On Friday, he chose a gold plan with a $156 monthly premium. The government is picking up $472 per month because of his income."I just walk in the door and an hour and a half later, I have health insurance. It makes me feel great," he said.

That "government is picking up" means that you and me an other tax payers are subsidizing this guy's insurance. This guy can afford only $159/month? I bet his social media and TV bill is that much. But hey, it's "government" money, not real tax dollars.

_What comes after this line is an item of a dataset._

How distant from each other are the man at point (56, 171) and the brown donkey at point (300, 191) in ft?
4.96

on December 23,2013 | 07:37AM
DanLBoom wrote:
There are alot of struggling people out there today...and Yes! "General Contractors" too. Make no mistake!!(Sorry for the bun) because a name such as: "General Contractor" to a person does'nt mean he is "raking in the dough".as most like to think.... His income is the basis and determining factor...therfore if his income is low or below poverty level.Why Not??subsidize him, the "General Contractor" i mean..No different than every body else. Hey!! maybe i can get a gold plan too ???Crossing my fingers.IMUA
on December 23,2013 | 09:25AM
DanLBoom wrote:
Washington should have designed the Health Care System with SIMPLICITY. Before....Biggest problem was the pre-existing health condition of a person.If your health is too severe.No insurance for that person. Law should have been unlawful to deny coverage.Simple Unlawfull to raise a person coverage because of pre-existing conditions. Simple Use some of the money that was used to set-up Health care website for subsidies to assist /offset with medical costs. Simple?? Right ??? After all ..Did we really need that website???? Did it really needed to penalize or fine a person or a company if the coverage that was not afforded?? I digress As to the the Health care site... I will try again ( 3rd time ) hopefully i will be able to finish application process... .otherwise i can still purchase Health care insurance on my own...Right??. Simple IMUA!!!